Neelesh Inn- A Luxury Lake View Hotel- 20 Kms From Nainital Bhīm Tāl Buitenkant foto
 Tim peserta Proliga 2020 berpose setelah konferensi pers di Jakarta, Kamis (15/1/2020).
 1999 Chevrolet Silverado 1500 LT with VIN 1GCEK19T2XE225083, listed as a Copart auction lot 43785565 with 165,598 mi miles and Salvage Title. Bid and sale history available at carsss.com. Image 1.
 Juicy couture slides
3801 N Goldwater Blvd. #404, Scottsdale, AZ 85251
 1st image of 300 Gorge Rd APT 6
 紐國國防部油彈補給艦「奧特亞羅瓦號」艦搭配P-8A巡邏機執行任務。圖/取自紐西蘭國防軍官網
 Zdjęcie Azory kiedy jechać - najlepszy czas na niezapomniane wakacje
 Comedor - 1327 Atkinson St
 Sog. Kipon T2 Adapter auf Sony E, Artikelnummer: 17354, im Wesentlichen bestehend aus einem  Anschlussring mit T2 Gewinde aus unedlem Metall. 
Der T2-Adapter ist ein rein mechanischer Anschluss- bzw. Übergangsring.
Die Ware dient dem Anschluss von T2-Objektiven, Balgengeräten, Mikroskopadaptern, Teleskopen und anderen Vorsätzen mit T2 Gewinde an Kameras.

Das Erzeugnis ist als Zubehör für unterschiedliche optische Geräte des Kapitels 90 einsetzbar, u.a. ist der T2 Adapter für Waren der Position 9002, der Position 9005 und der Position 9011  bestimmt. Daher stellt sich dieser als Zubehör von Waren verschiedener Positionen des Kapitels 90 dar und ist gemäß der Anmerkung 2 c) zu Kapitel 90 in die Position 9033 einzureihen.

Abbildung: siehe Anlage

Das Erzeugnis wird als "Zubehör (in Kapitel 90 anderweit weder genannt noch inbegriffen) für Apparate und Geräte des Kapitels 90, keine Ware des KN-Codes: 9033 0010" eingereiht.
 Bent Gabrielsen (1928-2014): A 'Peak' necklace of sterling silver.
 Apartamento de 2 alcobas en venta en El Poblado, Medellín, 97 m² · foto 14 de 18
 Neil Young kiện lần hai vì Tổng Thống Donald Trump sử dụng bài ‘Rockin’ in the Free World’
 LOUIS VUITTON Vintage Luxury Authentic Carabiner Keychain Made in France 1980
○ ○ ○
EXERCISE GOAL:
Extract, please, the lines from the start of the entries above through the one with "紐國國防部油彈補給艦「奧特亞", both included, reproducing each exactly and adding nothing.

ANSWER TO THIS EXERCISE:
Neelesh Inn- A Luxury Lake View Hotel- 20 Kms From Nainital Bhīm Tāl Buitenkant foto
 Tim peserta Proliga 2020 berpose setelah konferensi pers di Jakarta, Kamis (15/1/2020).
 1999 Chevrolet Silverado 1500 LT with VIN 1GCEK19T2XE225083, listed as a Copart auction lot 43785565 with 165,598 mi miles and Salvage Title. Bid and sale history available at carsss.com. Image 1.
 Juicy couture slides
3801 N Goldwater Blvd. #404, Scottsdale, AZ 85251
 1st image of 300 Gorge Rd APT 6
 紐國國防部油彈補給艦「奧特亞羅瓦號」艦搭配P-8A巡邏機執行任務。圖/取自紐西蘭國防軍官網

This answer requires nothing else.